Saturday, October 14, 2017

Foucault's Pendulum by Umberto Eco

"Or this apparatus for the study of the fermentation of wine. A maze of crystal arches leading from athanor to athanor, from alembic to alembic. Those little spectacles, the tiny hourglass, the electroscope, the lens. Or the laboratory knife that looks like a cuneiform character, the spatula with the release lever, the glass blade, and the tiny, three-centimeter clay crucible for making a gnome-sized homunculus--infinitesimal womb for the most minuscule clonings. Or the acajou boxes filled with little white packets like a village apothecary's cachets, wrapped in parchment, covered with untranslatable ciphers, with mineral specimens that in reality are fragments of the Holy Shroud of Basilides, reliquaries containing the foreskin of Hermes Trismegistus. Or the long, thin upholsterer's hammer, a gavel for opening a brief judgement day, an object of quintessences to be held among the Elfs of Avalon. Or the delightful little apparatus for analyzing the combustion of oil, and the glass globules arrayed like quatrefoil petals, with other quatrefoils connected by golden tubes, and quatrefoils attached to other, crystal, tubes leading first to a copper cylinder below it, then to other tubes, lower still, pendulous appendages, testicles, glands, goiters, crests...This is modern chemistry? For this the author had to be guillotined, though truly nothing is created or destroyed? Or was he killed to silence what his fraud revealed?

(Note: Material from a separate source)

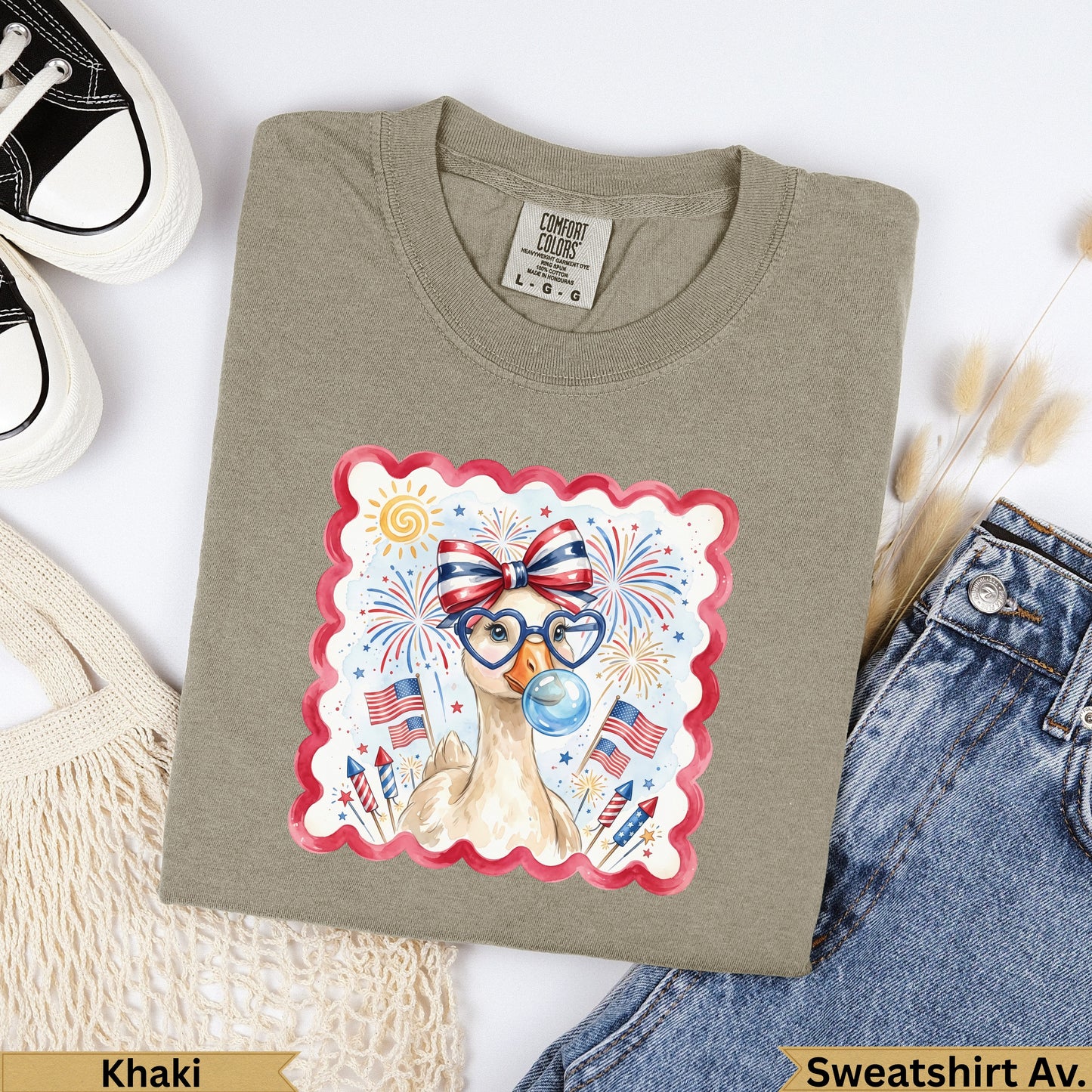 Khaki t-shirt with a cartoon goose wearing glasses and celebrating Fourth of July.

The Salle Lavoisier in the Conservatoire is actually a confession, a confession in code, and an emblem of the whole museum, for it mocks the arrogance of the Age of Reason and murmurs of other mysteries. Jacopo Belbo was reasonably right; Reason was wrong.

I had to hurry; time was pressing now. I walked past the meter, the kilogram, the other measures, all false guarantees. I had learned from Agliè that the secret of the pyramids is revealed if you don't calculate in meters, but in ancient cubits. Then, the counting machines that proclaimed the triumph of the quantitative but in truth pointed to the occult qualities of numbers, a return to the roots of the notarikon the rabbis carried with them as they fled through the plains of Europe. Astronomy and clocks and robots. Dangerous to linger among these new revelations. I was penetrating to the heart of  a secret message in the form of a rationalist theatrum. But I had to hurry. Later, between closing time and midnight, I could explore them, objects that in the slanted light of sunset assumed their true aspect--symbols, not instruments."

https://books.google.com/books/about/Foucault_s_Pendulum.html?id=jbpsQD0khY0C

https://www.youtube.com/watch?v=QyALEomuk9k

5 comments:

chickelit said...

"It took them only an instant to cut off his head, but France may not produce another such head in a century."

~Joseph Louis Lagrange commenting on the beheading of Antoine Lavoisier by French revolutionaries in 1794.

The Physics Department at UW-Madison used to have a real Foucault Pendulum located in Sterling Hall (Yes, that Sterling Hall). I just learned today that it was removed with no real plans to rehang it.

deborah said...

" I just learned today that it was removed with no real plans to rehang it."

Regress!

Rabel said...

Which is harder - building a full scale model of Foucault's pendulum with dirt and rocks or getting Pandora to feed to my computer through Bluetooth?

Answer is Pandora feed.

Fuck it.

edutcher said...

We're getting, oh, so esoteric these days, aren't we?

TOP will be jealous.

Christy said...

I found the novel to be one of the wittiest and most amusing I've read. That said, Eco doesn't make his points and move on. He tiresomely makes his point at great length in such a way that one thinks he is saying one thing, when in fact he's saying something else entirely. Sarcasm developed to high art. Of course, I may be totally mislead by the translation.

I see Foucault's Pendulum as a proto-Dan Brown. Eco mines text for bogus interpretations to amuse, while Dan Brown mines art.